- 1 Tablespoon peanut oil
- 1 Tablespoon sesame oil
- 1 medium onion, peeled and diced
- 1 medium carrot, peeled and diced
- 1 medium celery stalk, peeled and diced
- Kosher salt and freshly ground black pepper
- 1 garlic clove, peeled and minced
- 3 Ounces mixed mushrooms; cleaned, trimmed and diced
- 1/2 cup California golden raisins
- 1/3 cup California natural raisins
- 1/2 Tablespoon fresh thyme leaves
- 1 small tomato, seeded and diced
- 2 Ounces sun-dried tomatoes
- 1/2 Tablespoon smoked paprika
- 3/4 Cup chicken broth
- 18 large sea scallops
- Salt and fresh ground white pepper
- Oil; for frying
- 1 Cup (3 ounces) micro greens or herb salad greens; for garnish
For Goulash, heat oils in large skillet over medium heat. Add onion, carrot, celery, salt and pepper. Cook, stirring occasionally, until vegetables begin to soften, about 5 minutes. Stir in garlic and cook for 1 minute more. Then, add mushrooms, raisins and thyme. Cook, stirring frequently, until mushrooms are almost tender, about 3 minutes. Add tomatoes and paprika; cook 2 minutes more. Stir in broth a little at a time bringing to simmer before each addition. Continue to simmer until thick but not dry, about 20 minutes. Set aside to cool.

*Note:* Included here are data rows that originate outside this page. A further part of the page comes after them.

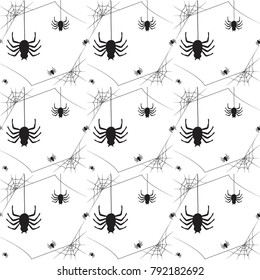spider web pattern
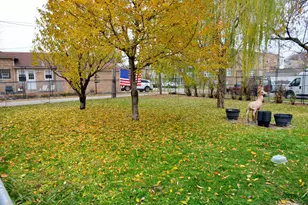 5239 N Virginia Ave, Chicago, IL 60625 - Photo 25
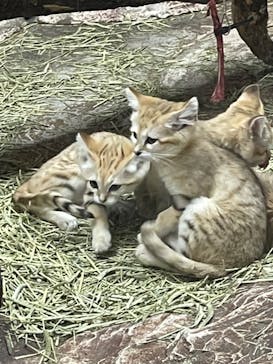 那須どうぶつ王国に投稿された画像（2022/6/11）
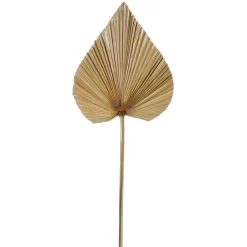 Fabrique de Styles Fleurs Séchées*Feuille de palmier h62cm - Golden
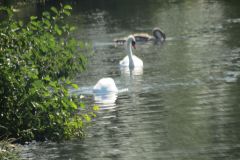 9.-Swans-between-Netherexe-and-Brampford-Speake-2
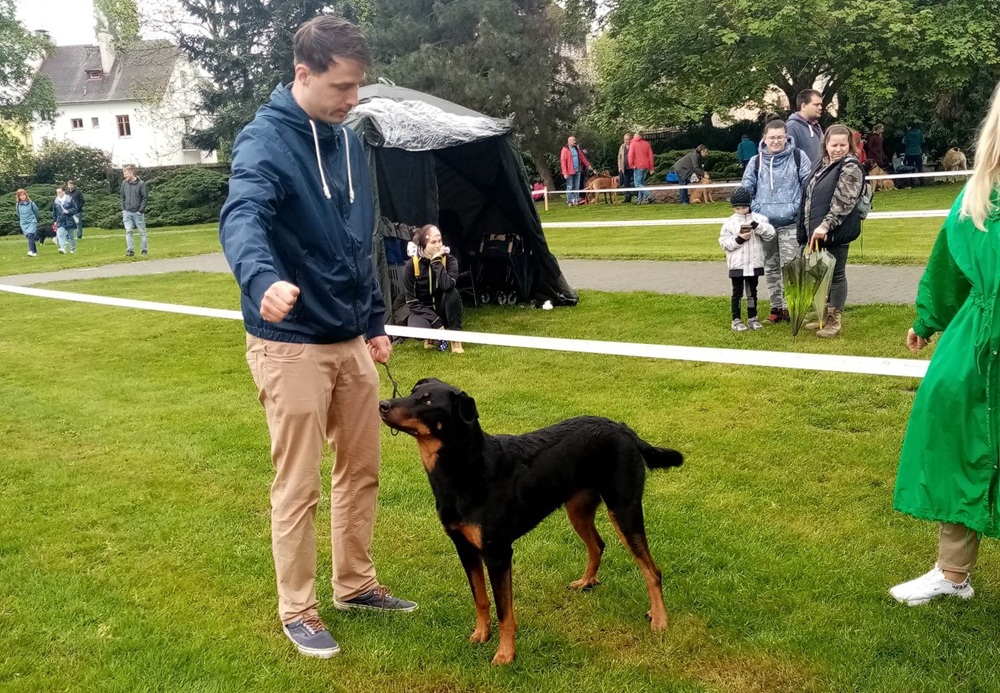 Kam na výstavu beauceronů – letošní přehled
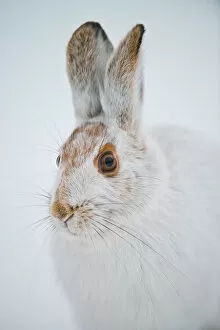 Images Dated 4th December 2013: Snowshoe Hare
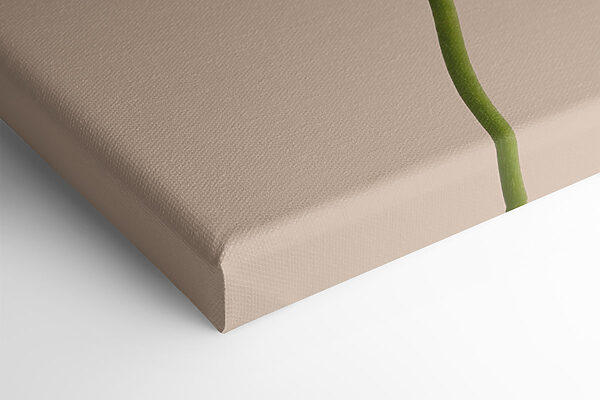 Delicate blooms in soft tones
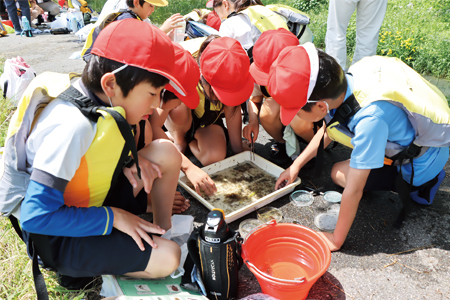 捕まえた生き物について調べる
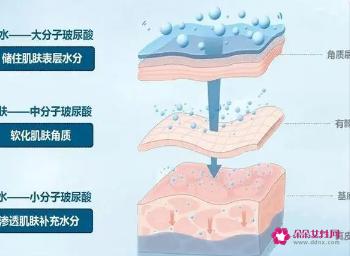 面膜补水成分有哪些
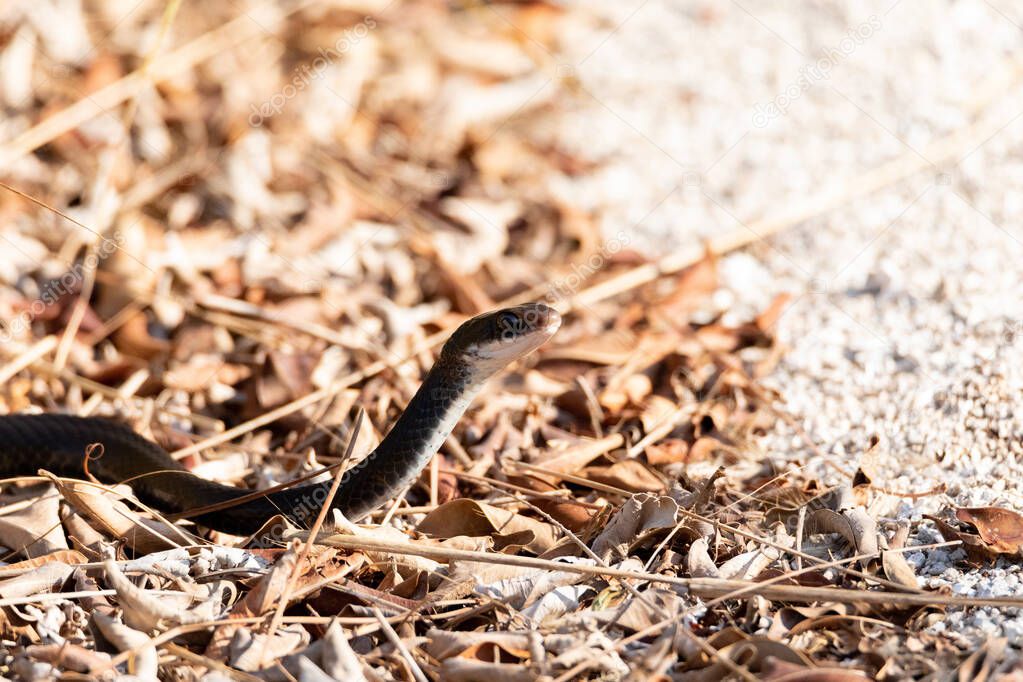 Southern black racer snake Coluber constrictor priapus slithers along the ground in Naples, Florida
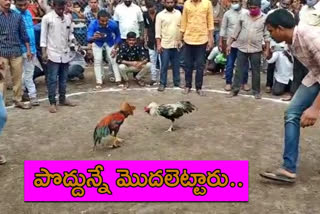 cock fights begins from morning in kothapeta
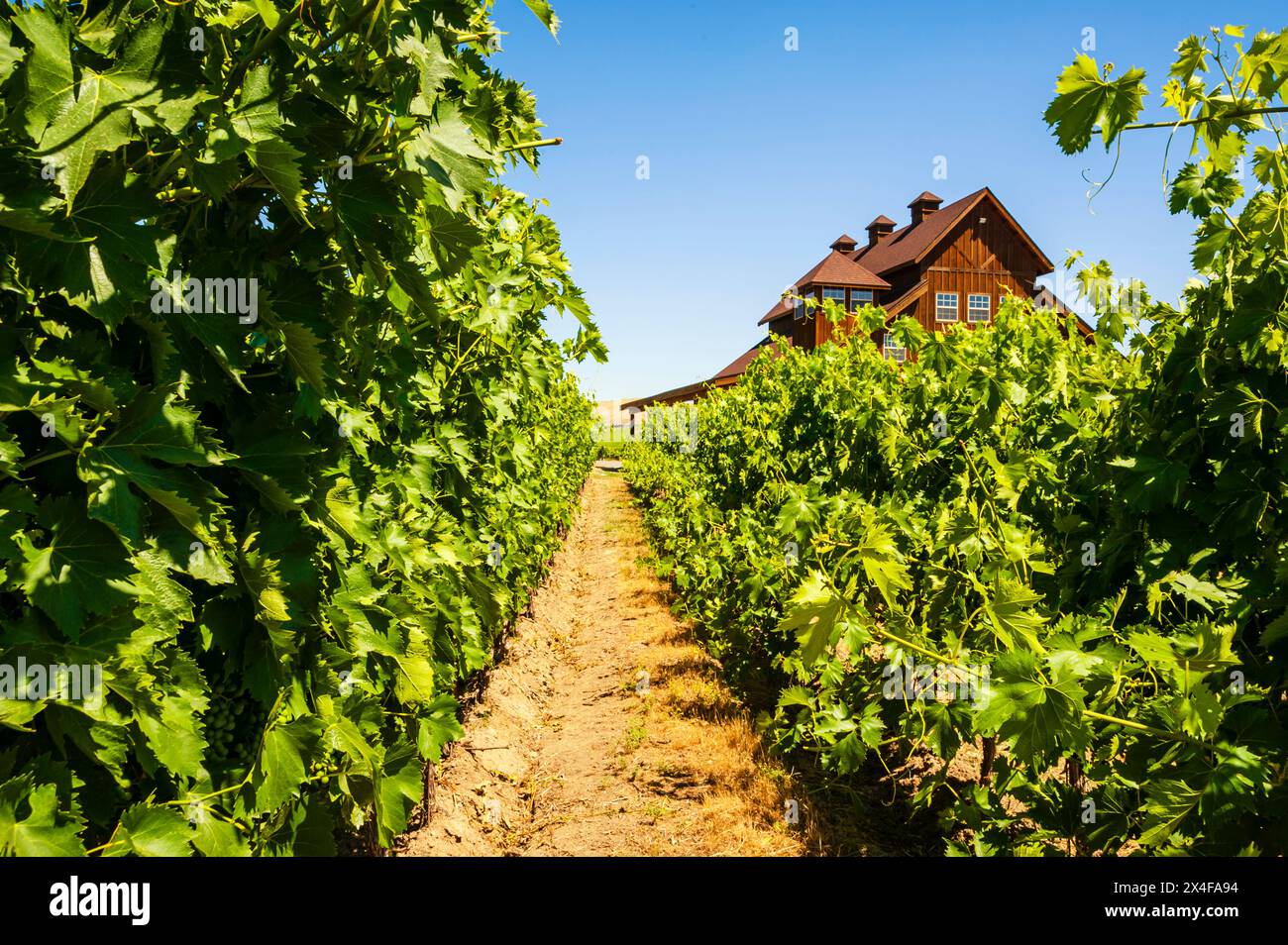 USA, Washington State, Yakima Valley. Ciel du Cheval Vineyard is one of the first vineyards planted on Red Mountain. (Editorial Use Only) Stock Photo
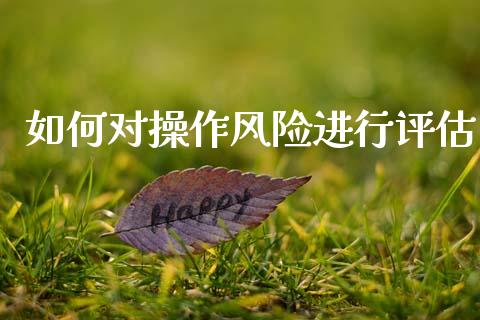 如何对操作风险进行评估_https://wap.lcpcjs.com_外汇市场_第1张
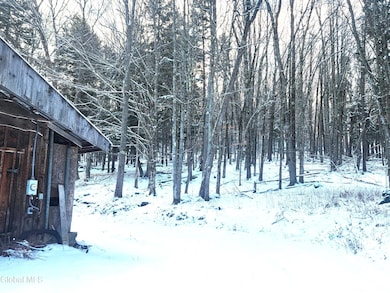 285 Fish Mountain Rd, Lake Pleasant, NY 12108 - photo 7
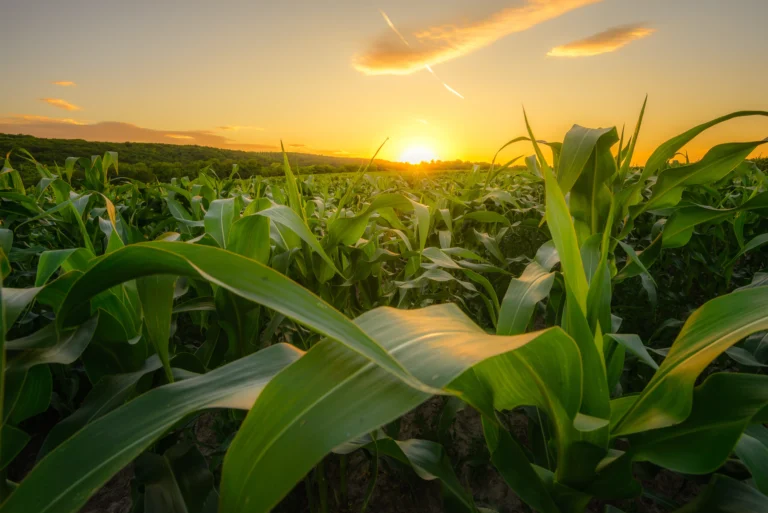 A cornfield at sunrise with green corn leaves in the foreground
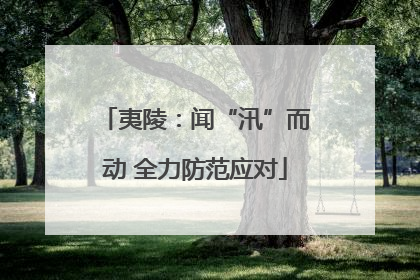 夷陵：闻“汛”而动 全力防范应对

Dry scallops thoroughly with paper towels; season both sides with salt and white pepper. Heat a small amount of oil in a large well-seasoned skillet over medium-high heat. Add scallops and adjust heat so oil sizzles but does not smoke. Cook scallops until brown, about 2 minutes; turn and cook, basting with oil, until opaque and beginning to firm, about 1 minute more. Divide and arrange on 6 warm serving plates.
Reheat goulash over medium heat, stirring gently, just until heated through. Divide and spoon over scallops; garnish with greens and serve immediately.